On Sunday, September 7, English-made film Slumdog Millionaire made its debut at TIFF, where it handily won the Cadillac People’s Choice Award. All of this considering that Slumdog Millionaire nearly went straight to DVD after Warners’ Independent Pictures closed its doors earlier this year. Fragile monies are often involved with the kind of independent films that festivals such as TIFF exist for. Thankfully, the movie was picked up by competitor Fox Searchlight. At the Festival, the movie became a rarity: both a critical and popular favorite.

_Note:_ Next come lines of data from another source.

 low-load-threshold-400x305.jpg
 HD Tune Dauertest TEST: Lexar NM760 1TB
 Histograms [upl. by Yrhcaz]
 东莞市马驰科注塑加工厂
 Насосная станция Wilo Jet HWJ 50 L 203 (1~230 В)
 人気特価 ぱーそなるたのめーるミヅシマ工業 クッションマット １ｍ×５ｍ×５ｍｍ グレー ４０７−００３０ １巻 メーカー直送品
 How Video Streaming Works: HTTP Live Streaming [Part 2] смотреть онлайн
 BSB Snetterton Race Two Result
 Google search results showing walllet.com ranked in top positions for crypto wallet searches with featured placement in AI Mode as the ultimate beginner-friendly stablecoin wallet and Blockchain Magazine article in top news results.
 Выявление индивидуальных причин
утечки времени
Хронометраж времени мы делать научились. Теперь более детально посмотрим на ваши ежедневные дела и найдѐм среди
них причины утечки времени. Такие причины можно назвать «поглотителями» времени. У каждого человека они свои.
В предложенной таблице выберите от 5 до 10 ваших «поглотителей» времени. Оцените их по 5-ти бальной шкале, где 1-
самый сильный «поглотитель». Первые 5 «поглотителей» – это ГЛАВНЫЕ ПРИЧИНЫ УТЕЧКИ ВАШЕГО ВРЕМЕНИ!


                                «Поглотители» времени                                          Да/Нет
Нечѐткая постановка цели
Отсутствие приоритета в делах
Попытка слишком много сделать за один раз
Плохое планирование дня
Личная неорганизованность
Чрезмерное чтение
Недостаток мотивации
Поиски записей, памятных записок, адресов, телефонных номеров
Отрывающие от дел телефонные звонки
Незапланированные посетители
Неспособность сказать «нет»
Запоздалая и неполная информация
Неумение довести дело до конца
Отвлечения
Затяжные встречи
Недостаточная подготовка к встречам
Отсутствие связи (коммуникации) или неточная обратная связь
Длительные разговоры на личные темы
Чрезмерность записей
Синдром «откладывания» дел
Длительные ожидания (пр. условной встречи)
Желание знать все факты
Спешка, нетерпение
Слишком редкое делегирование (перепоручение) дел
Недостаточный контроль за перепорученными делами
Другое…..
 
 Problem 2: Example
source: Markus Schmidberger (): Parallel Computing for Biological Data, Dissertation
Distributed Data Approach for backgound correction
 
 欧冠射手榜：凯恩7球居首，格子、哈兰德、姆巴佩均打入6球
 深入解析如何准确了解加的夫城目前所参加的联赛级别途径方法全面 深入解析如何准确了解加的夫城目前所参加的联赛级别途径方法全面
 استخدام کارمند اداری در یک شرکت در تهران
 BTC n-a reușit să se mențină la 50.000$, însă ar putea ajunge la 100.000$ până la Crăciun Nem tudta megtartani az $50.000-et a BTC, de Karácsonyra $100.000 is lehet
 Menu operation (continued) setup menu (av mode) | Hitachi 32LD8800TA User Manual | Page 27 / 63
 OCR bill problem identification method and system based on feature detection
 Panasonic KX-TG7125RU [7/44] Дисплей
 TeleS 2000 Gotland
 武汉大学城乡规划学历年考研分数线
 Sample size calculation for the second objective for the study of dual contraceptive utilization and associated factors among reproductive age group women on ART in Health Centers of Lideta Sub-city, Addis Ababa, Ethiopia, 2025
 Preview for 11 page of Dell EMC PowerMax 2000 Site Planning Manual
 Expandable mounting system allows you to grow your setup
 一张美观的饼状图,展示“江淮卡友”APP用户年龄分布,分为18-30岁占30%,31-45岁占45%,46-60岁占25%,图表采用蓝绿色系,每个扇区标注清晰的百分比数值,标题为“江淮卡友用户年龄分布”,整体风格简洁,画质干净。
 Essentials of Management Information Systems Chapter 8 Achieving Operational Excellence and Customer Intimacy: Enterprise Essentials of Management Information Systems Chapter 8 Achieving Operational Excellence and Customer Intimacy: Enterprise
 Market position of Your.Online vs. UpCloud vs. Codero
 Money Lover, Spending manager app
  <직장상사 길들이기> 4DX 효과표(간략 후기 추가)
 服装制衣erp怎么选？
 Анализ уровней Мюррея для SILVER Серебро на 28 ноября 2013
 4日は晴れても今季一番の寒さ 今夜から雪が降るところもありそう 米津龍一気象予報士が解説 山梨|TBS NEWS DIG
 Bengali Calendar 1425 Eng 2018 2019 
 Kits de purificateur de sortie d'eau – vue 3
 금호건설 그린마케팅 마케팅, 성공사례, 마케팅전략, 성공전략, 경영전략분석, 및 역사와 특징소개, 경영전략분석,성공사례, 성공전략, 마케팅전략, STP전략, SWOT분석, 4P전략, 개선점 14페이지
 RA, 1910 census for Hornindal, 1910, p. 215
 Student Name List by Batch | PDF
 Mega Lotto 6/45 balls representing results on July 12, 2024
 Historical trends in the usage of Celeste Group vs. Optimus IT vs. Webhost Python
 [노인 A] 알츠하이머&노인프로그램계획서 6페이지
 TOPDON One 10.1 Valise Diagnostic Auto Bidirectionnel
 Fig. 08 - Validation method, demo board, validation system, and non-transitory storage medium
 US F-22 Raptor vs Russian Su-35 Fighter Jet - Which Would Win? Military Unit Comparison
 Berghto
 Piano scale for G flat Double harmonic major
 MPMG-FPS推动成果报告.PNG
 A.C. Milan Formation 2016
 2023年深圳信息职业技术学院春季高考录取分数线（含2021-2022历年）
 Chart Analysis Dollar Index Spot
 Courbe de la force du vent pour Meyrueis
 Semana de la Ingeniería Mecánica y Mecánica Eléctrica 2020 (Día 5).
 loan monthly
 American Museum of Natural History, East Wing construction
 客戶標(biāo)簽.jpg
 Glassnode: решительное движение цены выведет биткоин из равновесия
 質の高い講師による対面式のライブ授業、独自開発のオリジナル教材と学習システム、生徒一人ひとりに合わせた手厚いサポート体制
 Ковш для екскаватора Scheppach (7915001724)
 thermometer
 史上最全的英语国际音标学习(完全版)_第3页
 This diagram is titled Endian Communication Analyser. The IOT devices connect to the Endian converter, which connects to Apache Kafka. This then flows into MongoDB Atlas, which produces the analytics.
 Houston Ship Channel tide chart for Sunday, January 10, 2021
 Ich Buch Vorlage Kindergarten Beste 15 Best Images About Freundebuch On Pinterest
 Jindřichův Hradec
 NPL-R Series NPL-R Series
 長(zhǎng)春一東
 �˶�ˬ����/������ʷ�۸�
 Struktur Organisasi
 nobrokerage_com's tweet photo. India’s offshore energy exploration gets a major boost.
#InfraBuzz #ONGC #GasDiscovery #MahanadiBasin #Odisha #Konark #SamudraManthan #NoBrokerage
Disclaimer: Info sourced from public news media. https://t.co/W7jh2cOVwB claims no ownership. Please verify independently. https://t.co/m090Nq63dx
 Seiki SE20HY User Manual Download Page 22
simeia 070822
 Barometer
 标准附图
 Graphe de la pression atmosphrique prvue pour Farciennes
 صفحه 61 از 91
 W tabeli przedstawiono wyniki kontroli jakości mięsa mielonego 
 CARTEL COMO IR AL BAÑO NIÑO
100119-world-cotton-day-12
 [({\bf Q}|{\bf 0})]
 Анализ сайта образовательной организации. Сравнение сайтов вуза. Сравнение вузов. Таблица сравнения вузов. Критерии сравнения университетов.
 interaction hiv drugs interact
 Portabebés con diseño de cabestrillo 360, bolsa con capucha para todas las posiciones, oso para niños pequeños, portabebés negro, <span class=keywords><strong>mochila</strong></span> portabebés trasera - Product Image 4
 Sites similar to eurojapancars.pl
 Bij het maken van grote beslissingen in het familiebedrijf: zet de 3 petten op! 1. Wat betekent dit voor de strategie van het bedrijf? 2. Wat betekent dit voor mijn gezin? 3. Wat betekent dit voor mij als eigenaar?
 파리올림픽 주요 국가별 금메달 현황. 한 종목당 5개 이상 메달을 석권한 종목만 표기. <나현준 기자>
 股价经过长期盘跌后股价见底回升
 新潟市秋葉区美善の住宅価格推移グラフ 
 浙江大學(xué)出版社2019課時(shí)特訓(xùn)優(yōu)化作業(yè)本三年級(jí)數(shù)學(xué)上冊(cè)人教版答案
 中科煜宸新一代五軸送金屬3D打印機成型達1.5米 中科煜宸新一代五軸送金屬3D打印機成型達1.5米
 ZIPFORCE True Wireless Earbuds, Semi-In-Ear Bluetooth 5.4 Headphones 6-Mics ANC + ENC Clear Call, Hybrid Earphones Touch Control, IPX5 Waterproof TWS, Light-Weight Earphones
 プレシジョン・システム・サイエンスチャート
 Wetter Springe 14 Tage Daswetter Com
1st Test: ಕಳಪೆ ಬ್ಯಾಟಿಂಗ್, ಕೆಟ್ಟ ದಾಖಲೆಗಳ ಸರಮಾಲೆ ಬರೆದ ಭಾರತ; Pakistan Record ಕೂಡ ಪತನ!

The film is an ambitious Dickensian story set in contemporary India, brought to us by acclaimed director Danny Boyle of 1996’s Trainspotting fame, together with Indian director Loveleen Tandan. Dev Patel stars as Jamal Malik, an 18-year-old orphan from the slums of Mumbai, who is just one question away from winning an incredible 20 million rupees on India's "Who Wants to be A Millionaire?" He is arrested because the show’s host (played to great effect by Anil Kapoor) “suspects him of cheating”. The truth is that the host is an egotistical jerk who doesn’t want others to be successful. At the police station, Jamal tells the police about the remarkable tale of his life as a “slumdog” (the not-so-nice term used to describe India’s street kids) growing up in Mumbai. Yet, Jamal claims to have no interest in money. Why not? He has nothing and he’s on the show. And, still, how is it that a slumdog can possibly know most of the answers to the show’s questions?
As it turns out, Jamal, his brother Samir, who grew up to be a gangster; and their fellow orphan Latika (Freida Chinto), forced into prostitution, but is the love of Jamal’s life; have all lived through a horrifying childhood beginning with the site of the boys’ mother viciously killed during an anti-Muslim street riot. These memories have been seared into Jamal’s brain, apparently, amply providing him with most of the answers to the show’s trivia questions. Boyle uses this incredible premise to paint an all-encompassing portrait of India’s gut-wrenching, cutthroat society.
Manchester-born Danny Boyle worked in theatre and television before he began directing movies. With only his second feature Trainspotting (1996), he achieved cult status. His feature filmography also includes The Beach (2000) starring Oscar winner Leonardo DiCaprio, 28 Days Later (2003), and, of course, Slumdog Millionaire (2008).
Dev Patel’s multifaceted Jamal appears to be a golden boy from the wrong side of the tracks, working odd jobs diligently, refusing to follow the gang life of his gangster brother Samir. However, Jamal’s streets smarts enable him to see right through the game show's host, a man who repeatedly tries to trick Jamal out of the show’s winnings, before finally having him arrested “on suspicion of cheating”. Jamal quickly realizes that the game show will be his biggest life test yet. And we learn that Jamal’s desire to be on the show has more to do with saving—and having—Latika than it does with winning any amount of money.
With the help of a reformed Samir, Latika escapes the prostitution harem to find Jamal. Why, you ask, would wayward Samir agree to help his brother’s love Latika? Especially when Samir was one of the main people forcing her to remain a prostitute? Well, (1) we are shown him actively practicing his Muslim faith in the dim hope of absolving himself for his sins, and (2) we see Samir's face filled with what looked to be awe and wonder, every time he sees brother Jamal on TV. It was as if Samir finally accepted what he’d known all along: that Jamal was no longer just a jo-boy working at what Samir viewed as 'loser' jobs, that he was a much bigger and better person that Samir could ever be, or hope to be. Samir chose to pay homage to this realization in the end, knowing fully well that by assisting Latika get away from the gang that he would have to pay the ultimate price as determined by his fellow gangsters.
Slumdog Millionaire is a broad and cinematic narrative, and a wholeheartedly affecting movie experience. The young cast is fantastic, but it is Boyle’s cinematic scope that gives us a thorough feel for the heat, sweat, and street life of Mumbai. The enormous crowds, colors, volume, and sheer pace of modern-day India provide a steamy and electrifying backdrop to Boyle's vigorous movie. Slumdog Millionaire does tip its hat to Bollywood so that the love story is definitely affecting, but, thankfully, the film kept its central focus on whether or not a person can really survive and thrive after life on the streets of India.